Saturday I went upstairs thinking I ought to take the batteries out of your various toys. I don't want them to leak battery acid and ruin them. I turned on Scout and listened to him say, "Hi, Aaron!" and then quickly turned him off. But in moving a couple things, I bumped your musical hedgehog and it started playing music. That melody has haunted me since. I have been closer to tears, and cried, more frequently since Saturday than I have in a long time. And the batteries are still where they were. 

I feel stuck.

Or torn in two.

Part of me moves forward. I mean, time moves on, the seasons change, and there is growth. There are a lot of things I can now do that I couldn't before; a freedom that frankly I didn't (and don't) want.

And part of me is still stuck in the PICU room at midnight on December 23rd, watching your heart rate slow, the wave pattern turn sluggish and shallow, your breathing cease. 
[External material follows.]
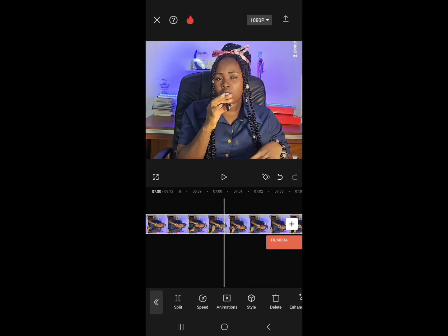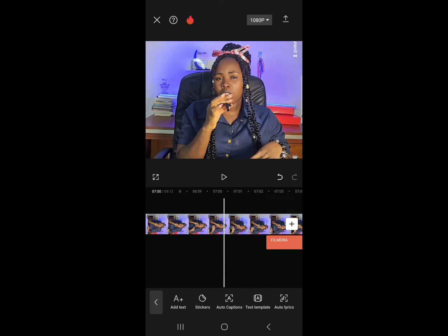The next thing I want to teach you is how to enhance your voice, and after that I'll also show you how to add audio effects. When you want to enhance your voice, first select that particular clip. I advise breaking your clips into one, two, or three minutes depending on your video length. If your video is 30 minutes or an hour, you can break it into five or ten minute segments. It's always better to break videos into bits so enhancement is faster.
A year ago today I wrote about my frustration at being in the hospital. Part of me wishes I'd known what 2024 would bring. A bigger part is glad I had no idea. And every bit of me is grateful for the care you received there; not just the medical care, but the personal love and concern that was shown to you. 

You touched hearts and lives of those who knew you there as well as in other settings. You were more than just a job to them. You made them smile, inspired many to search for possible treatments, taught them that life could be really good, even when it was hard.

And I guess that needs to be my take away, too. 

I never could have imagined how hard this would be, but it is still good, even when it rips at my soul.

I can do hard things. I kinda have to. And I had an incredible example and teacher in you.

I miss you.

I love you.

Love,
Mama

“So it’s true when all is said and done, grief is the price we pay for love."

E.A. Bucchianeri 

Friday, October 18, 2024

Absence Doesn't End

Dear Aaron,

I saw something today that really resonated with me.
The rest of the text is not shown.